Abu Ghraib, Nick Berg, and the media 

It has become something of an article of faith among right-of-center bloggers, with whom TigerHawk makes common cause far more often than not, that the gross disparity in media coverage of the Abu Ghraib scandal and the Nick Berg decapitation is yet another example of leftist bias in the major national media. Along comes Frank Lynch, though, to argue that the comparison is not fair:
Abu Ghraib abuses aren't getting too much attention, if you think about it. I know that many people try to put them in perspective by comparing them to Nick Berg's execution — and even question why that isn't more of the news item — but maybe Berg's execution isn't a proper event to compare it to. Maybe we should look at the attention which Abu Ghraib has gotten, and compare it to the attention which U.S. police brutality cases get. I can't speak for what it's like in other cities, but when it happens here in New York, the Times seems to have a daily article on the case. (When the Abner Louima case happened, for instance, its horrific nature seemed beyond belief.
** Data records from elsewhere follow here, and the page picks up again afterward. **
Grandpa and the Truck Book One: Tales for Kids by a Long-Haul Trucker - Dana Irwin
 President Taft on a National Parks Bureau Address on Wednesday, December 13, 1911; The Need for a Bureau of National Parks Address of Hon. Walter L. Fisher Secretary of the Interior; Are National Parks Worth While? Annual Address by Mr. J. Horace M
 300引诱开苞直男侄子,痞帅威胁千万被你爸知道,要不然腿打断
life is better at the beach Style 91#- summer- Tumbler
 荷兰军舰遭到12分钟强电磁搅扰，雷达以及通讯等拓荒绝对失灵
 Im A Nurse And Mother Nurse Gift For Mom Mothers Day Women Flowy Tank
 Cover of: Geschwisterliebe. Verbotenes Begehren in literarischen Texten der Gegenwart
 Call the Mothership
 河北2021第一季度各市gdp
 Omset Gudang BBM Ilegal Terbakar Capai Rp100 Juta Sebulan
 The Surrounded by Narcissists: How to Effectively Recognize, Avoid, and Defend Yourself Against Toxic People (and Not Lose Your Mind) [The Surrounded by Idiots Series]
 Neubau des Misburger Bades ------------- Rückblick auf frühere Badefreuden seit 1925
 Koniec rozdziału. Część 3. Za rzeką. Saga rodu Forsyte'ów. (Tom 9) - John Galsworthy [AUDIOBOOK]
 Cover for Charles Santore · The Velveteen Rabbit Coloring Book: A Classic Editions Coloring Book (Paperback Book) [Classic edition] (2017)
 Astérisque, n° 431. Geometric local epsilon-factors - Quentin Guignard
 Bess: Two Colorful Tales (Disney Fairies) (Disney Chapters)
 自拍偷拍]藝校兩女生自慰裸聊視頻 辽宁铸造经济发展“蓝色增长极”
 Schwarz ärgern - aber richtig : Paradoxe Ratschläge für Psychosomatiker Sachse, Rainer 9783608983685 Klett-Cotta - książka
Louima was abused on August 9, 1997; in the period from August 10 to September 9, just one month, he was mentioned in 79 different news articles in the New York Times alone. One event, in one night. He wasn't always the focus, but his abuse impacted the city in many ways.)

This is an interesting point, and I think I agree with it. The media is always fascinated by police brutality. Looked at that way, the Abu Ghraib story is not getting manifestly more coverage than the big police brutality cases of the last twenty years.

Lynch has more to say here, arguing that blogger claims of media bias are usually based on anecdotes, rather than rigorous analysis. Fair enough, but Lynch's example of such rigorous analysis is Tim Noah's article in Slate reviewing Michael Tomasky's survey of liberal and conservative editorial pages. The Tomasky study purports to show that liberal editorial pages (that of the New York Times, for example) are more willing to criticize Democrats than conservative editorial pages (the WSJ) are willing to criticize Republicans. Perhaps this is true, but it is not evidence to support Lynch's argument.

The problem is that Tomasky's study (according to Slate's account of it) actually does not address the point that Andrew Sullivan, Instapundit and so forth have been making. They have not been complaining about bias in the editorial pages, which is the traditional place for the staff of the newspaper to express its political views. Rather, the bloggers have been "outing" liberal bias in the writing of headlines over news articles, the placement of those articles in the paper, the selection of subjects on which to report, and the actual words used to write about those subjects. The Tomasky study may make a useful point about the writing of editorials, but it does not address the claim that the national media is substantially biased to the left outside of the editorial pages.

CWCID: Tom Tomorrow, who has more to say on the topic here. And don't bust my chops for reading This Modern World. It always pays to know what the other guys are thinking.